Geradeaus oder geradeheraus? Vielleicht auch jetzt gerade oder gerade eben erst?
Schauen wir uns die Adjektive an: Gerade ist, als Adjektiv oder gelegentlich auch als Adverb gebraucht, in der Regel eine Abkürzung. Gemeint ist bei diesem Ausdruck geradewegs oder geradeaus, geradeso, geradezu, geradeheraus oder ähnliches. Gerade bringt die Geradlinigkeit zum Ausdruck. Jetzt ist niemals so stark im gegenwärtigen Augenblick verankert wie gerade jetzt, und wenn man etwas so in etwa schafft, ist das weniger knapp, als wenn man es geradeso schafft. Das Adjektiv mag also auch als Verstärkung gebraucht werden.

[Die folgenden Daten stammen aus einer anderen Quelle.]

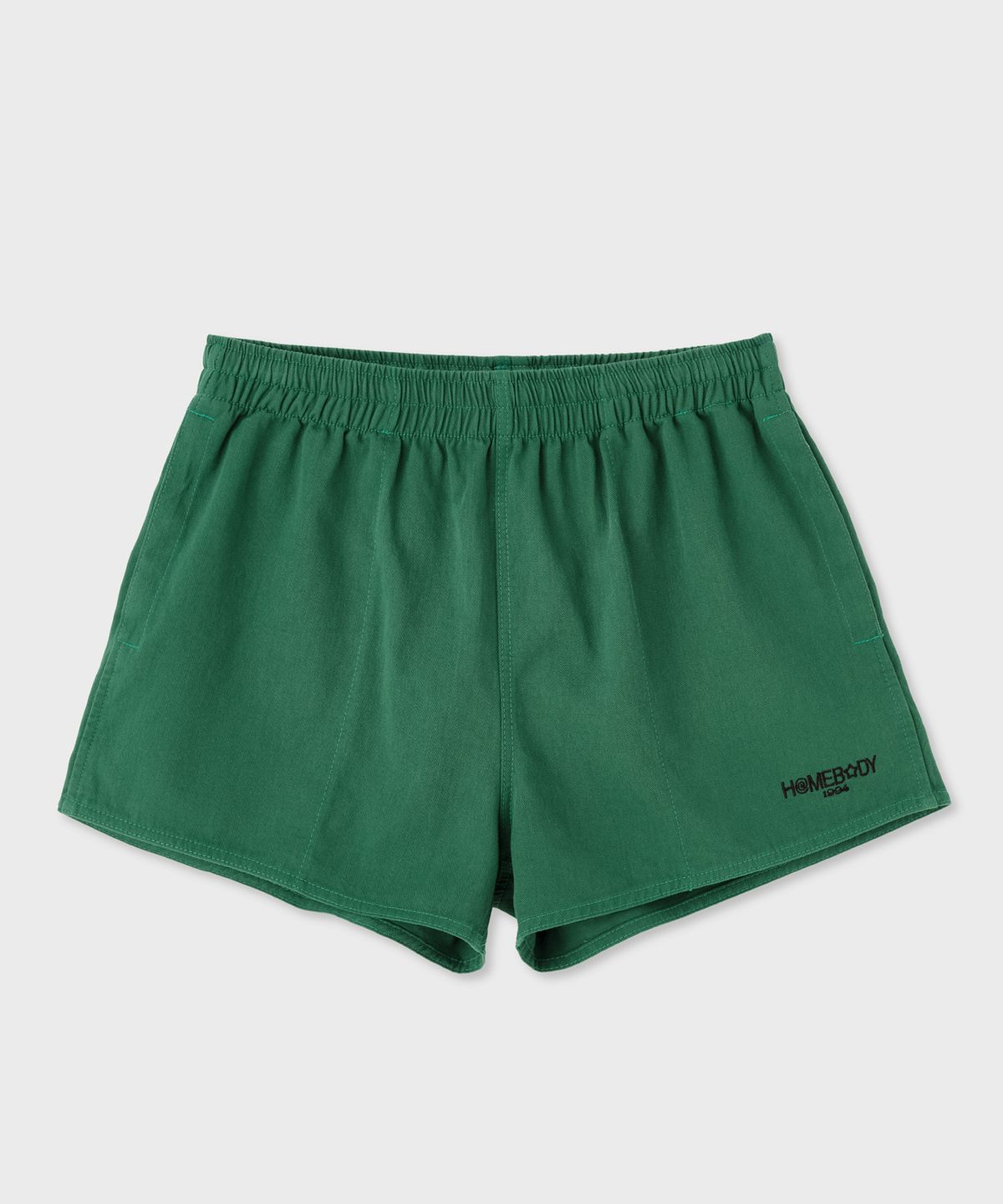 홈바디띵즈(HOMEBODY THINGS) Comfy Cotton Shorts (GREEN)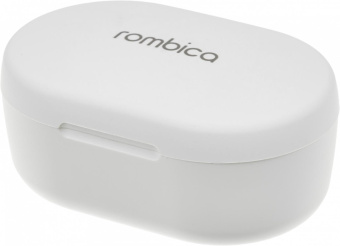 Гарнитура внутриканальные Rombica Mysound Play белый беспроводные bluetooth в ушной раковине (BT-H030) от магазина РЭССИ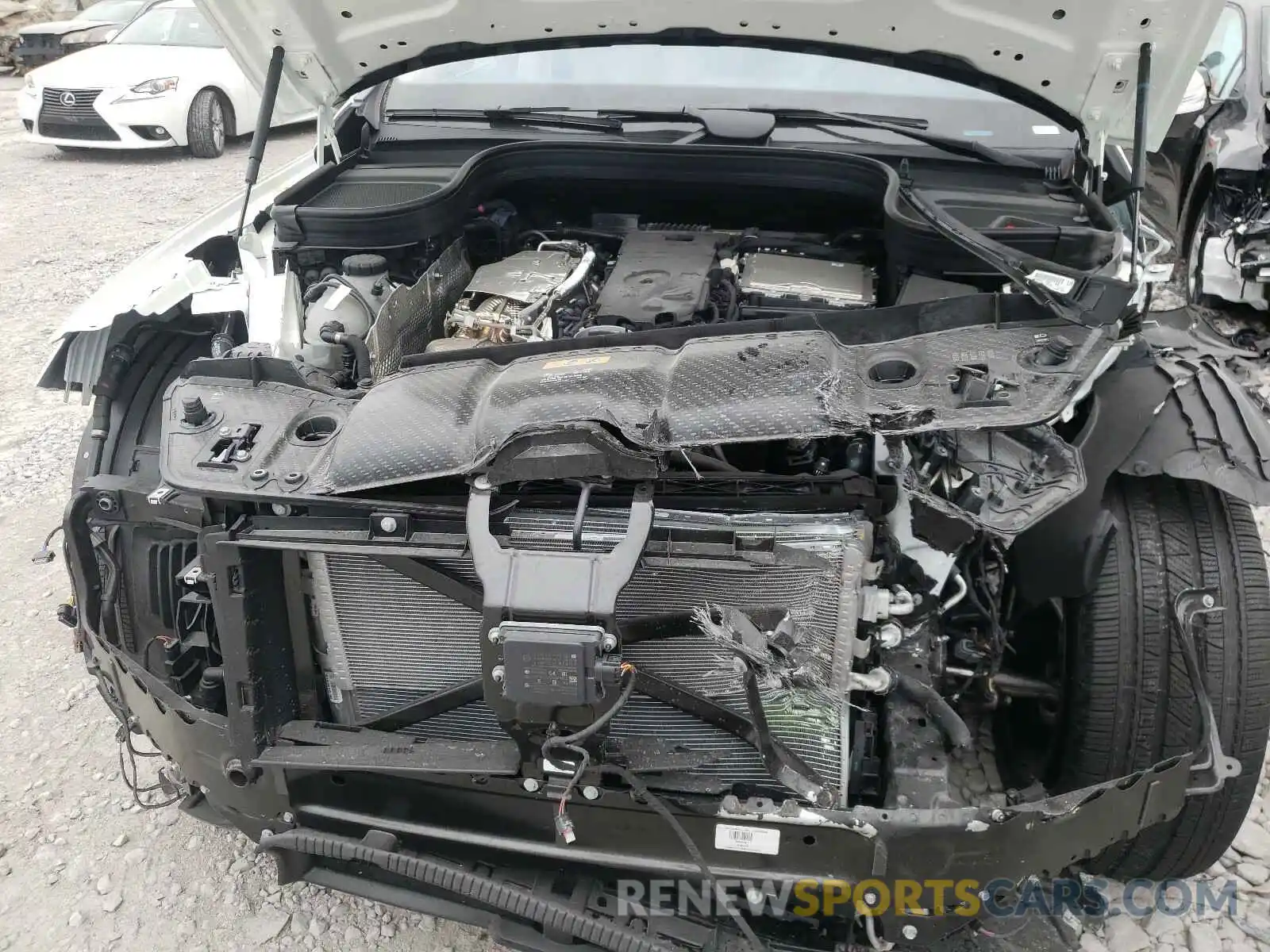 7 Photograph of a damaged car 4JGFB5KBXLA153575 MERCEDES-BENZ AMG 2020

Die Sache mit der Umgangssprache
Eigentlich sollte jetzt geradezu sonnenklar sein, wann wir von "gerade", wann von "Grad" und wann von "grade" sprechen. Eigentlich könnte die deutsche Sprache ganz einfach sein. Ist sie aber nicht, denn wir sind sprechfaul. Deshalb sparen wir uns bei Adjektiv und Adverb "gerade" gerne ein "e" oder zwei und machen galant "grad" oder "grade" daraus. Sogar aus der Geraden wird im Mathematikunterricht meist eine "Grade", die mit dem akademischen Grad des Unterrichtenden nichts zu tun hat. Groß- und Kleinschreibung helfen beim Verstehen nur bedingt weiter, denn in der gesprochenen Sprache spielt die Orthographie keine Rolle. Wie also behelfen wir uns?
In der Regel wird aus dem Kontext heraus klar, ob die Rede von akademischen Graden, der Maßeinheit, einem Rangabzeichen oder einem Adjektiv ist. Wie heißt es nun richtig? Sprechen wir vom Adjektiv, ist "gerade" immer richtig. Umgangssprachlich darf es auch einmal ein "grade" oder "grad" werden. Im Schulaufsatz hat das aber genauso wenig verloren wie in der Amtsantrittsrede eines Bundespräsidenten oder in der Tageszeitung. Geht es um die genannte gerade Linie in der Mathematik, ist das korrekt immer eine "Gerade", die ihre beiden "e" wirklich liebt und nicht darauf verzichten will. Nur bei Maßabstufungen und Graduierungen (auch Graduierungen akademischer, militärischer oder sonstiger Art) darf das "e" wegfallen, denn hier hat es wirklich nichts verloren.